Davis told the online audience he hoped the presentations would “scare you into getting more data.”
Davis shared an observation made while watching fracturing in progress on a screen displaying temperature and acoustic data collected by fiber-optic cables attached outside the casing for distributed temperature sensing and distributed acoustic sensing.
As the stage progressed, cooler injected water (shown in green) mixed with the warm reservoir fluid (in blue) (Fig. 1). Temperature data from the fiber-optic cable showed the previous stage as all blue, indicating the plug was sealing.
Then the colors of the previous stage started changing as cooler water leaked in and green streaks began bleeding into the blue of the previous stage; then “it all went blank.” The fiber had been severed, Davis said, adding that seeing it in real time “was quite shocking.”
The fiber optic was still working on the yet-to-be-fractured upper stages, but “as we moved up the hole, we kept parting the fiber.”
For the team involved it was a big loss in terms of the cost of the fiber installation and the data they had planned to collect. But for Davis the value of what was learned after the fiber was cut “is far more valuable than the lost fiber-optic installation.”
Collecting the information required sending diagnostic tools downhole to inspect the damage.
Gashes were found in the casing. They appeared to have been cut by the fast-flowing water-sand mix that may have begun as a small leak, grew in volume, and severed the metal tube holding the fiber-optic cables on the outside of the casing.
“You can see it looks like the packing element is where the erosion occurred on a lot of cases,” Davis said.
They also learned that the metal in the casing is softer than the plugs. Davis said, “We were preferentially eroding casing over the plug.”
They found “total casing breaches” created by the high-pressure stream of fluid and sand on 25% of the plug locations examined on multiple wells.
A Muffled Warning
The events most often associated with casing damage are not the sort of things that demand an investigation.
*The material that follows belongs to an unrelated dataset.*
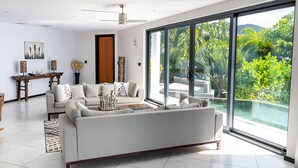 Una sala de estar moderna con un sofá grande, una mesa de centro y una zona de comedor con una mesa y sillas de madera. Hay un ventanal con vistas a la vegetación.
Plugs provide a type of warning system by identifying spots where the circular tubing has been narrowed to an oval or where a too-tight turn does not allow a long tool to pass through.
“The only way you will know you have an issue is you cannot get coiled tubing in, cannot get a perf gun in, you cannot get a plug in. Something you were doing you can no longer do,” Davis said.
These events suggest something is wrong but not much else. The ConocoPhillips presentation was a rare example of what can be learned from detailed measurements and imaging.
ConocoPhillips is collecting that data in the Montney formation in Canada, where the frequency and severity of casing issues makes this information more valuable than in US shale plays where it has not been a significant issue.
“You can lose zones, stages, sections, or even entire wellbores … we have lost all of them,” Davis said.
Davis said ConocoPhillips is making a significant investment in understanding the problem to find ways to reduce the risks during fracturing and to “preserve the ability of the company to stimulate and go back into these wells in the future.”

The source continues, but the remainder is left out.